I like this moment because while there is a clear charge here, that's all there is. Neither Arithon nor Dania even remotely consider acting on the attraction. The possibility doesn't enter either of their minds. It's just a spark of connection.
Of course, the downside is that Halliron has time to come in, hear the playing and is IRKED.
Halliron took back his instrument, derisively abrupt. ‘I heard it all. The fragment preceding as well.’ Pale, hard eyes touched the prince with a look as inimical as a knife-thrust. ‘I know the voice of my lyranthe better than that of my own child. You should have known she would call me. Did you lack the guts, not to speak to me beforehand?’
Arithon apologizes and promises not to meddle with it again. But OF COURSE, that's not Halliron's problem:
Meddle!’ Dania had never heard the bard’s voice so charged with fury. ‘You arrogant, manipulative young fool! Don’t insult my intelligence by playing your falsehoods on me. It’s an Ath-given talent you’ve been hiding. I say it here, you’ve no right to see that strangled.’
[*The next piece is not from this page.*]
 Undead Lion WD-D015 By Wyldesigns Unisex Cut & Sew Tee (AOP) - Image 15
Arithon sat back sharply, discomfort plain upon his face. The bard had managed to shock him, as nobody else ever had, and his recovery lacked courtesy or grace. ‘That was not my intent.’ For once too upset to try pretence, he hitched his shoulders in dismissal. ‘Of course, I’m touched by your regard. But I saw no reason to inflict my inadequate fingering upon you.’ The sarcasm used in desperation bloomed now to drive back tearing anguish. ‘My sword, you’ll recall, is now wedded to the cause of a kingdom.’
Halliron shrugged off the protestation. ‘The mechanics of your playing can definitely be improved upon.’ He cradled the lyranthe against his shoulder, set fingers to strings, and repeated several bars of Arithon’s work. Beneath his skill, melody emerged refocused into a rendition to make the heart leap for pure pain.
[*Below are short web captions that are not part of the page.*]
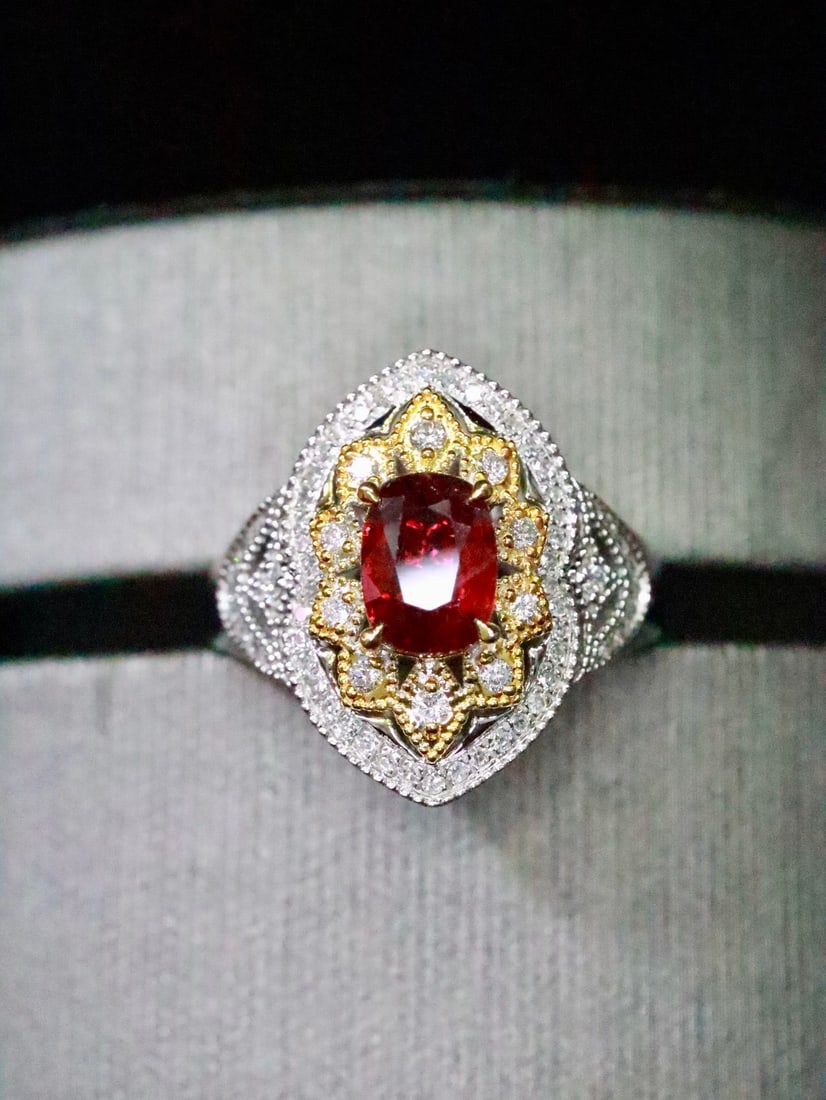 Platinum Natural Unheated Ruby Ring - 4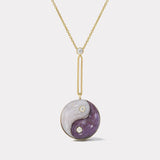 Double Stone Yin Yang Pendant - Lilac and Lavender Jade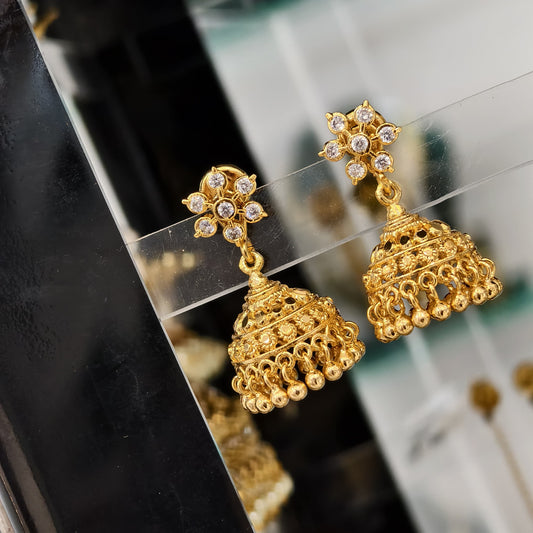 Micro gold butta earrings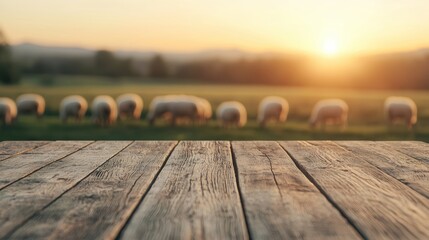Fototapete - Empty wooden table overlooking sheep grazing in a field at sunset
The effect left Dania with her fingers pressed to her lips, and the Prince of Rathain dead white.
We knew this was inevitable, of course.
Halliron thinks that, with work and life training, Arithon will surpass him. And, OF COURSE, he's never heard the equal in terms of natural ability.
Arithon does not appreciate this, freezing the man out. He says he'll speak to Caolle instead if Steiven's unavailable. Dania offers food, and the fact that Arithon shakes his head rather than snaps back alarms her. She realizes that he's sick. There's a standoff that's only broken when Halliron tells him where the others are.
Dania and Halliron commiserate in a scene I remember seeing a few times in these books:
The lodge-flap sighed closed on his heels, and infused the close tent with the night-scent of dew-soaked evergreen. Lady Dania stared blindly across an emptiness left brilliant with candles, her arms hugged forlornly across her chest. ‘He tries hard to make us think he takes us lightly.’
Wordless in sympathy, Halliron caught her shoulders. He turned her, sat her down and fetched her wine. This once in his life unwilling to seek music to quiet an uneasy mind, he poured a second goblet for himself. ‘It’s fate that’s his enemy, not ourselves.’ He drank deep, to dull a grief he could not bear, that his search for a successor had found its match in a man who had no use at all for an apprenticeship.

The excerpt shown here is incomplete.